Write out exactly the lines running from the one with "金银花菊花西洋参泡水的功效与禁忌" to the end of the data, including both of those lines and excluding pictures.

§ SUPPLIED MATERIAL
________
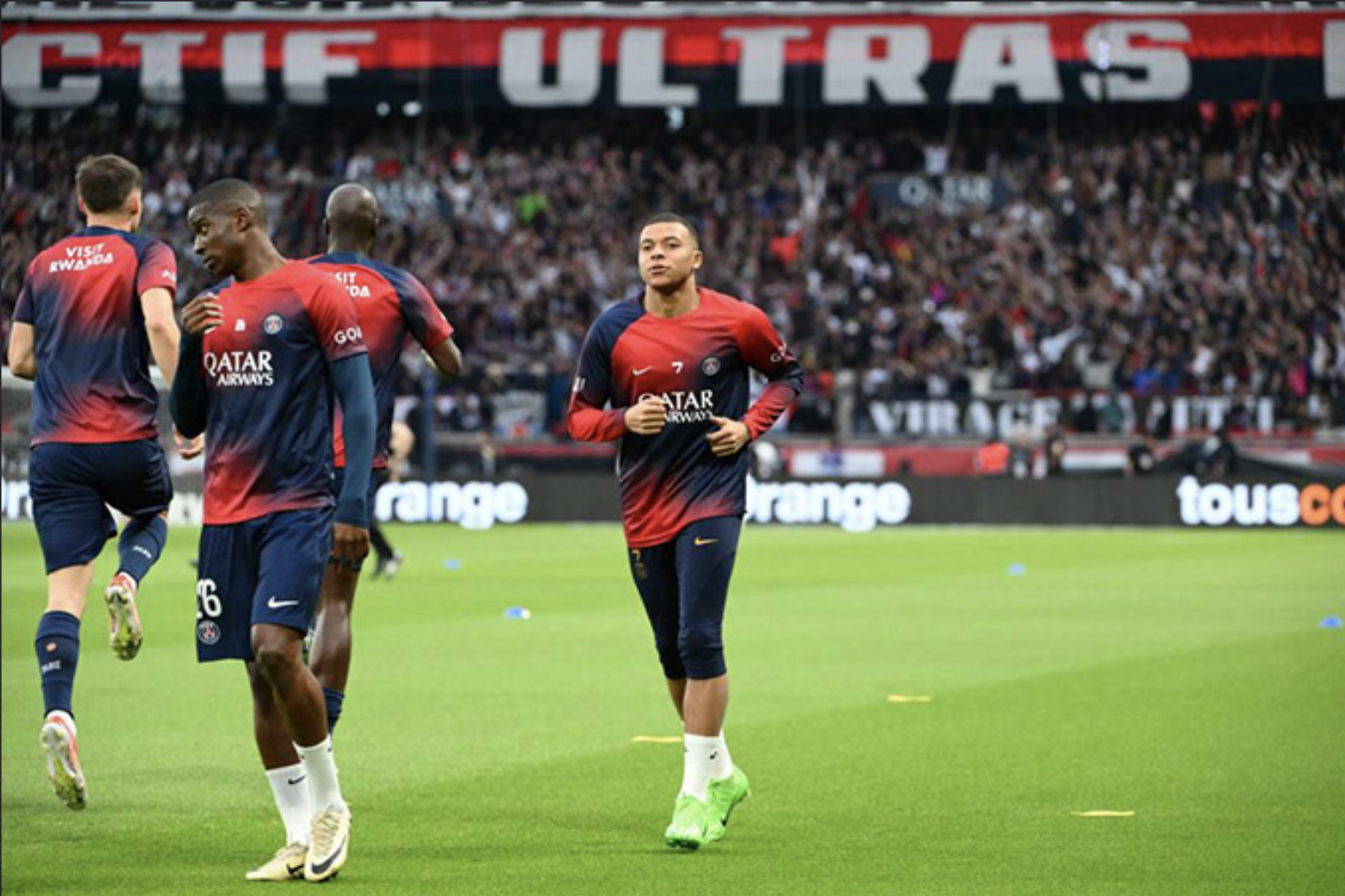 Ngày chia tay Parc des Princes không trọn vẹn của Mbappe 1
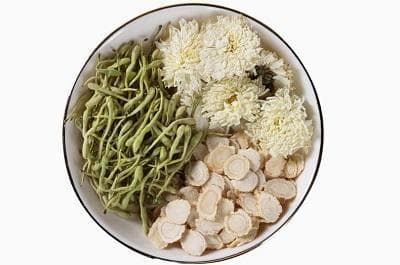 金银花菊花西洋参泡水的功效与禁忌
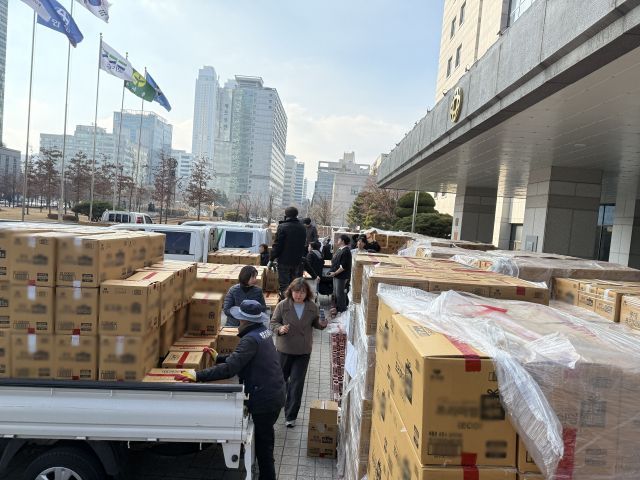 한 기업체가 안양시에 기탁한 이웃돕기 물품이 지역 내 사회복지시설 및 단체에 전달되고 있다. 안양시 제공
________
§ FINISHED EXERCISE
 金银花菊花西洋参泡水的功效与禁忌
 한 기업체가 안양시에 기탁한 이웃돕기 물품이 지역 내 사회복지시설 및 단체에 전달되고 있다. 안양시 제공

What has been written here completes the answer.